Communiqué du CCRI-CG de l’EZLN

mardi 18 avril 2000

MAMAN PIEDRA.
Aux parents des disparus politiques.

"Je rêve de cloîtres de marbre
où dans un divin silence
Les héros debout, reposent ;
De nuit, à la lumière de l’âme,
Je parle avec eux : de nuit !
Ils sont en rang : je passe
Entre les rangs : j’embrasse
Leurs mains de pierre : s’ouvrent
Les yeux de pierre : tremblent
Les barbes de pierre : ils empoignent
L’épée de pierre : ils pleurent :
L’épée vibre dans son fourreau !
Muet, je leur embrasse la main"

José Martí

Avec une main de pierre, avril tombe sur le Mexique d’en bas. Soleil et ombre se répandent dans le jour et la lune évite, de nuit, un chemin miné d’étoiles. Dans ce pays chemine aujourd’hui le désordre, défilé dont un des cotés menace du précipice de l’oubli et du manque de mémoire. Sur l’autre flanc, la mémoire se fait montagne et pierre.

L’aube effeuille des lumières perdues lorsque, dans une ville quelconque, dans une maison quelconque, dans un quartier quelconque, face à une machine à écrire quelconque, une mère (le cœur de la fleur de pierre espérance) écrit une lettre. Curieuse, l’aube se penche par-dessus l’épaule et arrive à peine à dérober quelques lignes : ".... et alors tu imagineras la douleur qui m’étreint... ", "... pour nous les mères qui ont vécu avec un poing cloué au milieu de la poitrine durant si longtemps... " La lune gonfle à peine ses joues, le vent dort.

L’aube s’envole au loin, arrive à la montagne et, à l’aide fragile de la lumière d’une chandelle, laisse tomber sur la petite table son souffle chaud et sa lourde charge. La lune est à peine un globe dégonflé et une brise marine caresse les yeux qui lisent : "C’est un problème qui devrait émouvoir tout le monde, mais que, malheureusement, beaucoup jettent dans l’oubli". L’ombre approche le foyer de la pipe de la bougie et donne du feu au tabac et aux paroles dont s’emparent les mains qui, aussitôt, dessinent :

Je ne connais pas Jesús Piedra Ibarra, ni César Germán Yañez Muñoz. Pas personnellement. Par d’autres photos, je les reconnais maintenant sur l’affiche, face à moi, où luit un "EUREKA" dans la partie supérieure. Au centre, un groupe d’hommes et de femmes portent une grande couverture qui dit "PRÉSENTATION DES DISPARUS POLITIQUES" et qui est peuplée de photos d’hommes et de femmes, tous jeunes, tous mexicains. Parmi les images je marque avec un stylo, légèrement, celle de Jesús Piedra Ibarra et celle de César Germán Yañez Muñoz.

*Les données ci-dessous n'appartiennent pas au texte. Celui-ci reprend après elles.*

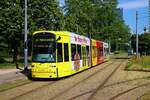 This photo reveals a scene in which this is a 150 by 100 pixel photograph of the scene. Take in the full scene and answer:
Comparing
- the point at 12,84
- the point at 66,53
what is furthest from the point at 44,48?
the point at 12,84

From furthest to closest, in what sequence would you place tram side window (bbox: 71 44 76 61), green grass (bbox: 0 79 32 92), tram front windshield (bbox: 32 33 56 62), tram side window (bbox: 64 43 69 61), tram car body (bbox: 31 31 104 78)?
tram side window (bbox: 71 44 76 61)
tram side window (bbox: 64 43 69 61)
tram front windshield (bbox: 32 33 56 62)
tram car body (bbox: 31 31 104 78)
green grass (bbox: 0 79 32 92)

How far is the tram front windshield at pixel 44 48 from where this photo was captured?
1039 inches

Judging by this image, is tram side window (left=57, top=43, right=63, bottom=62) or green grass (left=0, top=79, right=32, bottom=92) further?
tram side window (left=57, top=43, right=63, bottom=62)

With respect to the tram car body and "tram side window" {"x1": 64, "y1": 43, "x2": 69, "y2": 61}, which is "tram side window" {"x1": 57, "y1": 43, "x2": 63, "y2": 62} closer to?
the tram car body

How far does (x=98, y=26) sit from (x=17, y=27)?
62.7m

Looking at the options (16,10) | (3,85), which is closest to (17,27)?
(16,10)

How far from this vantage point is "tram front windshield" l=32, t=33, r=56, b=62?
26.4 m

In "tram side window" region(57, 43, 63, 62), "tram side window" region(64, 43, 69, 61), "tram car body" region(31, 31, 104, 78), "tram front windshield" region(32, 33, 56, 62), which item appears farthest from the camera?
"tram side window" region(64, 43, 69, 61)

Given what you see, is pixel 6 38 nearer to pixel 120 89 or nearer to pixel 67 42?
pixel 67 42

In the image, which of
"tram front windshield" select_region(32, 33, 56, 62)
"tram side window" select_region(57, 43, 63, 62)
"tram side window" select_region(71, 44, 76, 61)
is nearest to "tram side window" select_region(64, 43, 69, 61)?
"tram side window" select_region(57, 43, 63, 62)

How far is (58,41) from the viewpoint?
26688 mm

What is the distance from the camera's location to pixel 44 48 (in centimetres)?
2652

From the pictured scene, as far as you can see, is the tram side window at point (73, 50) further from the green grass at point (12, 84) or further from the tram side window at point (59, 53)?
the green grass at point (12, 84)

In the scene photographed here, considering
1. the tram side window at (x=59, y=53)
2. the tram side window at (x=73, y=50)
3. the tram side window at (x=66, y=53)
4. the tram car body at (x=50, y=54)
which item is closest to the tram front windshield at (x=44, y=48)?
the tram car body at (x=50, y=54) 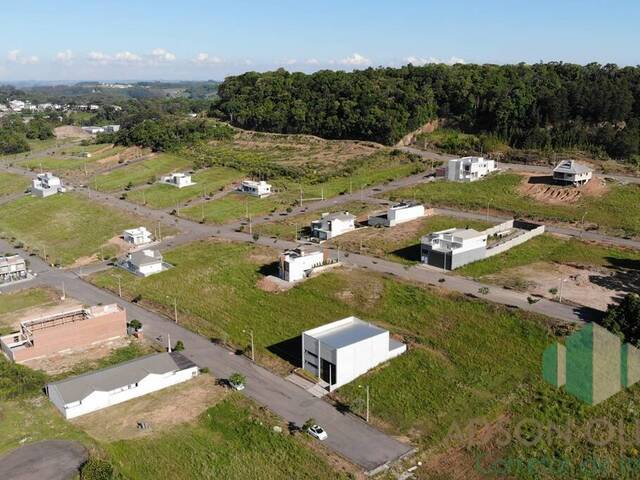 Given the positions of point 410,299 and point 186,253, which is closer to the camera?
point 410,299

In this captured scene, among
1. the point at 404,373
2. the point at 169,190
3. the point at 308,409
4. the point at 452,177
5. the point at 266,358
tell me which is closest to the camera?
the point at 308,409

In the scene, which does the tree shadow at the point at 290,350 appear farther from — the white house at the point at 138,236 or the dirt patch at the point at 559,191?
the dirt patch at the point at 559,191

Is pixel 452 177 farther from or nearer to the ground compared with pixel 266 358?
farther from the ground

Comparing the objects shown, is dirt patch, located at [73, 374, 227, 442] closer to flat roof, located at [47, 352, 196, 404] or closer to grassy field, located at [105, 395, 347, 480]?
grassy field, located at [105, 395, 347, 480]

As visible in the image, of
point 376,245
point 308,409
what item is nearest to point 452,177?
point 376,245

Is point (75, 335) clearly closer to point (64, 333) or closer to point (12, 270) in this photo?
point (64, 333)

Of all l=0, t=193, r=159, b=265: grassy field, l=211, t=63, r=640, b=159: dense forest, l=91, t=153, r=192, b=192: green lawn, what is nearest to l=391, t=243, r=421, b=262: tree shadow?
l=0, t=193, r=159, b=265: grassy field

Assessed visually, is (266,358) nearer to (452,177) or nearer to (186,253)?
(186,253) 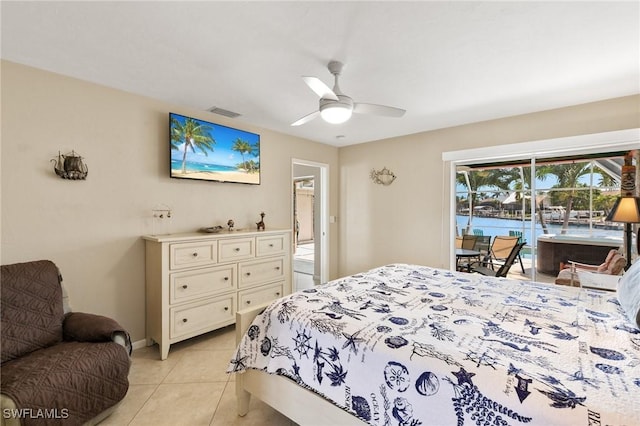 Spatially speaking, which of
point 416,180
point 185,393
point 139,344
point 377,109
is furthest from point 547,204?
point 139,344

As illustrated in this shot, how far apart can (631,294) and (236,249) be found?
9.93ft

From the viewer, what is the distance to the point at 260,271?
3344 millimetres

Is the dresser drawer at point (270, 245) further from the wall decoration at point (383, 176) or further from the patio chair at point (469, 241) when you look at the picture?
the patio chair at point (469, 241)

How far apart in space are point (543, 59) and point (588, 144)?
1468mm

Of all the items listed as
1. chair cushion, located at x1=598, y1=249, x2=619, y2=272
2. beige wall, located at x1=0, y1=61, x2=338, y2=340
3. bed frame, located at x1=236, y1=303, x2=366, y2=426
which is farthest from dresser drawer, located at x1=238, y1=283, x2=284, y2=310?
chair cushion, located at x1=598, y1=249, x2=619, y2=272

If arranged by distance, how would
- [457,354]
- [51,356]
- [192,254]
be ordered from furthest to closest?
[192,254] → [51,356] → [457,354]

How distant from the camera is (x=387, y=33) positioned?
1802mm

Je vérifie les visages de ceux qui tiennent la couverture : des femmes principalement, et on devine à leurs visages qu’elles sont toujours mères. Le sont-elles ? Toujours ? Elles le sont et le sont toujours, à ne pas douter. La prison peut dater d’il y a 25, 15 où 5 ans, ou être d’aujourd’hui. Rien ne me le dit, pas même la fermeté de ces regards, leur obstination, leur espérance.

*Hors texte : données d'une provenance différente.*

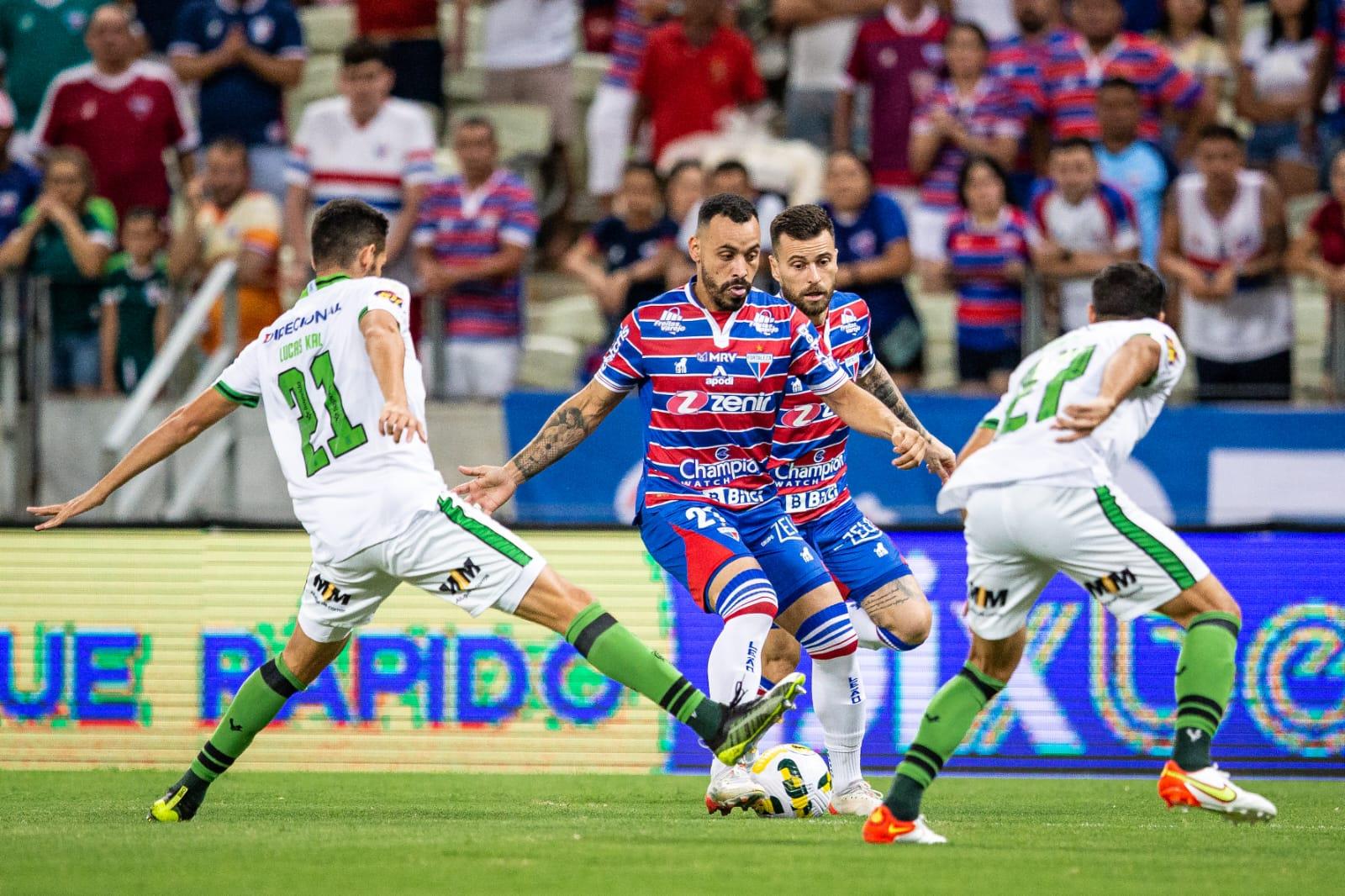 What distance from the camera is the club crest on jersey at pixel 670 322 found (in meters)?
8.23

La "Brigade Blanche", groupe paramilitaire avec lequel le gouvernement opéra la guerre sale contre la guérilla mexicaine dans les années 70 et 80, séquestra Jesús Piedra Ibarra le 18 avril 1975, il y a 25 ans. Depuis lors, personne n’a rien su de lui. L’Armée Fédérale Mexicaine arrêta César Germán Yañez Muñoz en février-mars 1974, il y a 26 ans. Depuis lors, personne n’a rien su de lui. Il y a 30 ans, il y a 20 ans, il y a 10 ans, il y a 5 ans, et jusqu’à maintenant au Mexique, les opposants politiques "disparaissent".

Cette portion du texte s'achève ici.